## Task item:
Under this line are records; the part from the line containing "NISSAN NV350 CARAVAN 4WD 2013 Image 31" through the line containing "Crop Top Women Manifesto - Crop Top" should be repeated exactly. Please exclude pictures.

## Data provided:

=-=-=-=-=

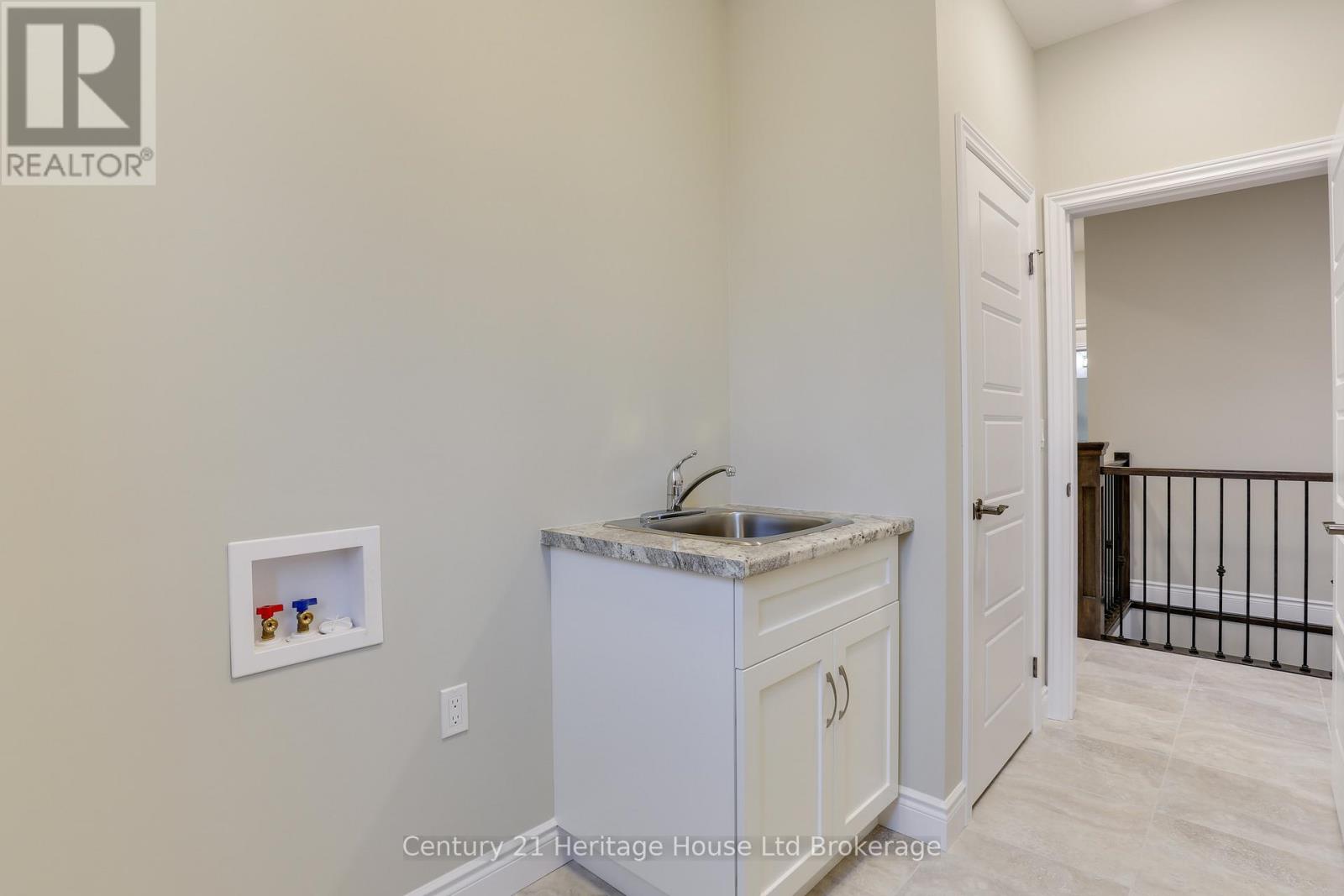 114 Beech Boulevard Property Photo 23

=-=-=-=-=

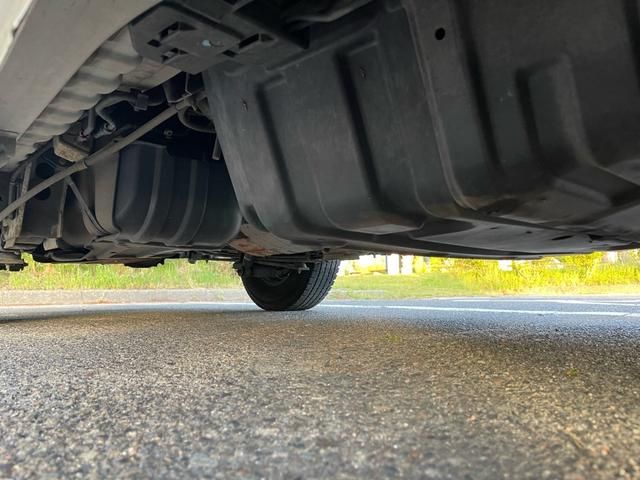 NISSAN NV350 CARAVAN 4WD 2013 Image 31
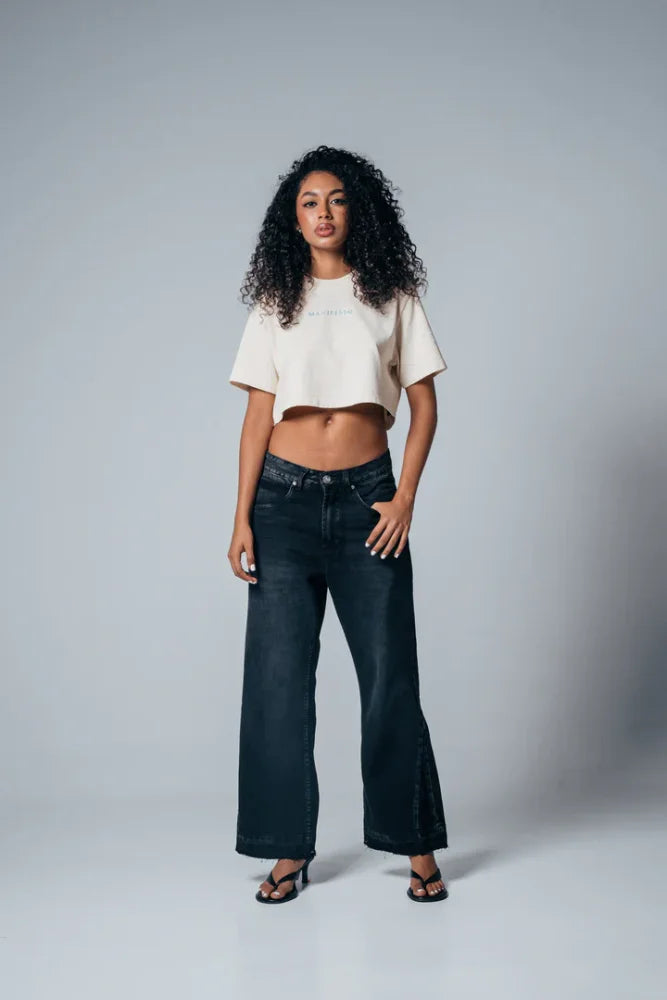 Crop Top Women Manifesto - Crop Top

=-=-=-=-=

## Exercise answer:
 NISSAN NV350 CARAVAN 4WD 2013 Image 31
 Crop Top Women Manifesto - Crop Top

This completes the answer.